Hermes Investment Management has called on large publicly listed companies to overhaul executive remuneration models.
The company has released a paper outlining why restructuring remuneration practices helps long-term company performance and emphasising the need to address the question of fairness.
The proposed reforms include publishing the ratio of chief exec to median worker pay and a written note from the chair of the board to employees explaining the basis for the boss’ pay awarded that year.
Hans-Christoph Hirt, co-head of Hermes EOS, Hermes Investment Management, said: “The combination of simplicity with increased certainty of outcome should result in lower average payouts, without changing the value of the award in the minds of individual executives.
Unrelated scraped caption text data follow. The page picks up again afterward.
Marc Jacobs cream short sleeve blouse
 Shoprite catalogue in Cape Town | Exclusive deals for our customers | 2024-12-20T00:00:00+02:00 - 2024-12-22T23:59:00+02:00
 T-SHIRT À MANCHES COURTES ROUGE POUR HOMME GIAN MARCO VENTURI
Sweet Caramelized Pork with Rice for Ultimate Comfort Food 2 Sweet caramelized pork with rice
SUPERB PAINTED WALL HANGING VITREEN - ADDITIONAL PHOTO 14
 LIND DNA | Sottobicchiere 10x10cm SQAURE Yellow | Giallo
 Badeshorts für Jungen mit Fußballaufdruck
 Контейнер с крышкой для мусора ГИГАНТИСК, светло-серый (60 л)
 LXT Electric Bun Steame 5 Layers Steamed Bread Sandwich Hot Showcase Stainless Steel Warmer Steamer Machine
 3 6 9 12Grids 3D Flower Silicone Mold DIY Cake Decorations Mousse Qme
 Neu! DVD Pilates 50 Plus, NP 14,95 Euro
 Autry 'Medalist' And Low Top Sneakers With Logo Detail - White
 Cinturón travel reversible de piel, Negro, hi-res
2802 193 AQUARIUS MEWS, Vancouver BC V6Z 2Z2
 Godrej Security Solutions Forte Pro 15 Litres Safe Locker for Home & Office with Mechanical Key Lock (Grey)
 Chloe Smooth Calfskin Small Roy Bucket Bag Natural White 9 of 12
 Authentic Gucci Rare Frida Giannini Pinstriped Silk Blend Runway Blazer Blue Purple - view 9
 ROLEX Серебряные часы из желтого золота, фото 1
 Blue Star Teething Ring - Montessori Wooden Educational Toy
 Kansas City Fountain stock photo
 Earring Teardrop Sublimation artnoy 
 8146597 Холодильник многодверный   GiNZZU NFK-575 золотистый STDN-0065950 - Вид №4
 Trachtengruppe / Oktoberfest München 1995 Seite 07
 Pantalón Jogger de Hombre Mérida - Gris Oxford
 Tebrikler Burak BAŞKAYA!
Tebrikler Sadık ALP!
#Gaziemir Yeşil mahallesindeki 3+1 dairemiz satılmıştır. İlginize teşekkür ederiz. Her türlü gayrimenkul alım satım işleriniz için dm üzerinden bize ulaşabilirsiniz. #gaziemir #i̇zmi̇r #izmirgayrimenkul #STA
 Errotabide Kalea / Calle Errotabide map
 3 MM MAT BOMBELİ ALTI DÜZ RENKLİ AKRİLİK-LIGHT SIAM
“Importantly, we believe pay packages should avoid incentivising unintended behaviour and encourage the creation of sustainable value for all stakeholders. A shift away from heavy reliance on performance-related pay should assist with this.”
The ratio of chief executive pay to the average worker has doubled in just over a decade from 70 times in 2002 to 140 times in 2015, a report by the High Pay Centre said. This rapid expansion of CEO compensation has led to public resentment.
Two-thirds of the population believes executive pay is too high, and 72 per cent are “angry” about it, a recent survey by PwC revealed.
Saker Nusseibeh, chief executive of Hermes Investment Management, said: “We stand ready to work with companies to support efforts which we believe are in the interests of the company and their long-term shareholders.”